What needs to be done:
Among the lines of the listing below, retype exactly those from the one containing "Vue détaillée de" through the one containing "May include: A", both included. Do not include pictures.

Excerpted records:
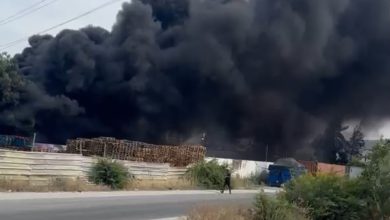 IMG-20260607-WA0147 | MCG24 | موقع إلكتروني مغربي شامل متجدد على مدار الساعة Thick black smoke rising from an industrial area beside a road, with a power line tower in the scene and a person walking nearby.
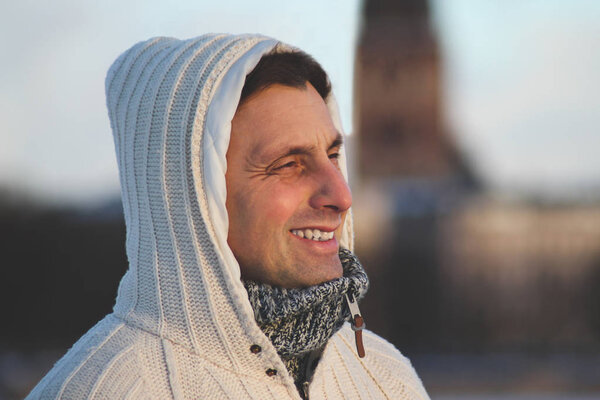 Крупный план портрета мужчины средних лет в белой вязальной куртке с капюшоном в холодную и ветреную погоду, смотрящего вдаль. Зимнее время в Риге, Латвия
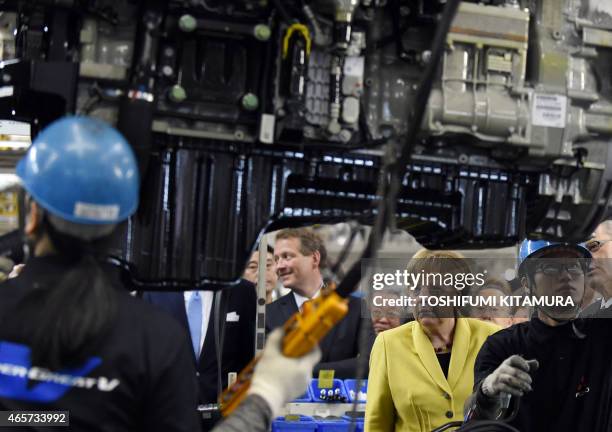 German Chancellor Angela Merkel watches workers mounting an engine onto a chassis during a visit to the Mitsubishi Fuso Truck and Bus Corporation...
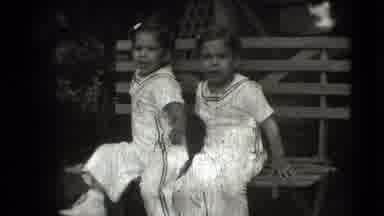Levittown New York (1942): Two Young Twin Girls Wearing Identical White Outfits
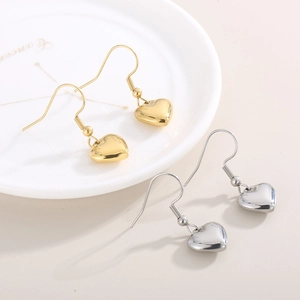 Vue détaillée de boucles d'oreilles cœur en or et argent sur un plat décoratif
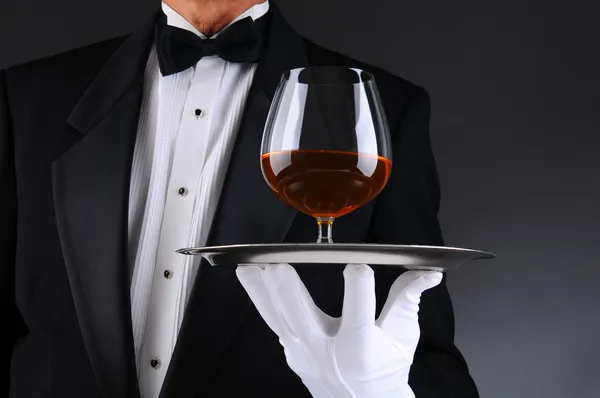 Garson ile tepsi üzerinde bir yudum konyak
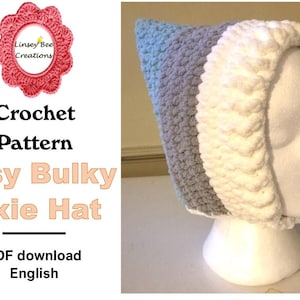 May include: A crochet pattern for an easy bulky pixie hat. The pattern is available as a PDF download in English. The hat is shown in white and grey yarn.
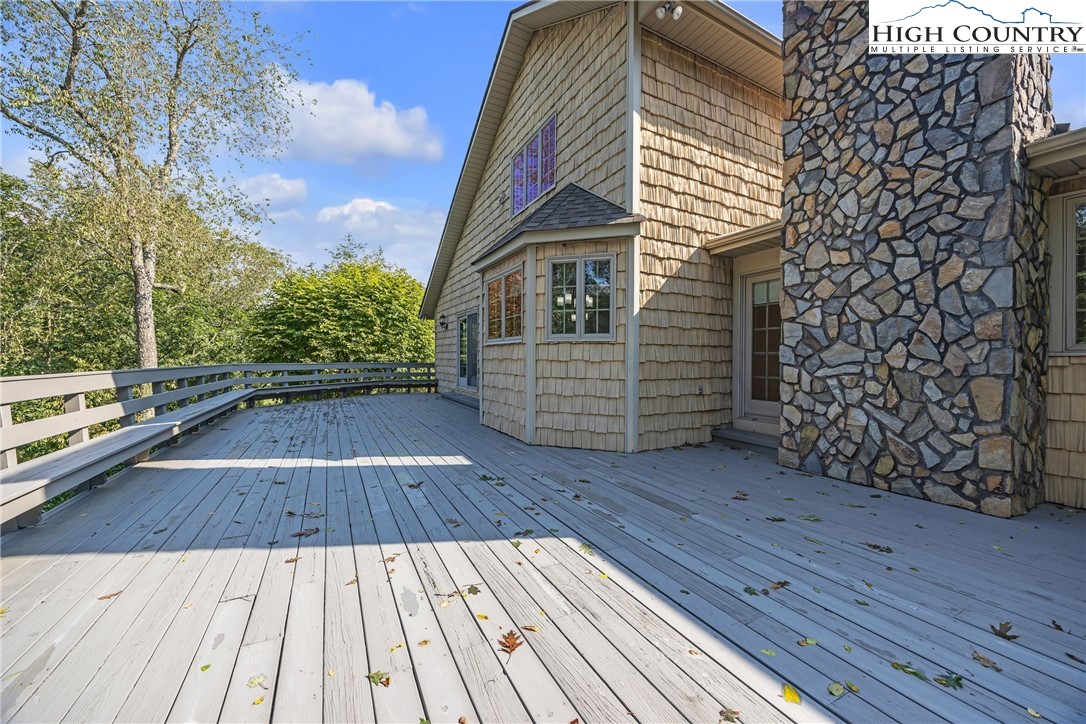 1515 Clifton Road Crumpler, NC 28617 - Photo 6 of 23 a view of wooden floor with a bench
---
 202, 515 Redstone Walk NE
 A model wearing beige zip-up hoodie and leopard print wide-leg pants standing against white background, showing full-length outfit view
* * *
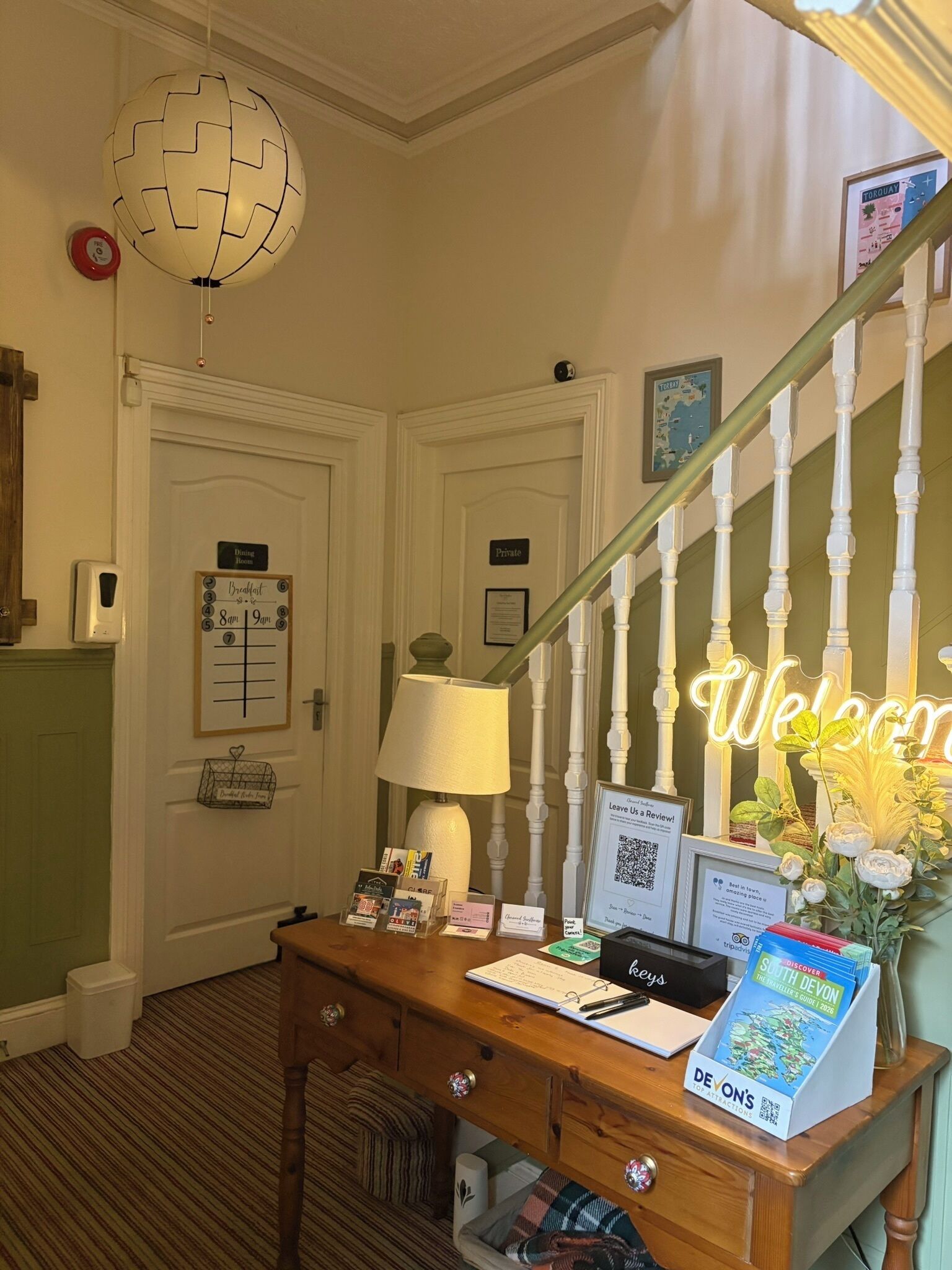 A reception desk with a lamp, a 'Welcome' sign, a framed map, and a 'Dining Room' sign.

Response to the exercise:
 Vue détaillée de boucles d'oreilles cœur en or et argent sur un plat décoratif
 Garson ile tepsi üzerinde bir yudum konyak
 May include: A crochet pattern for an easy bulky pixie hat. The pattern is available as a PDF download in English. The hat is shown in white and grey yarn.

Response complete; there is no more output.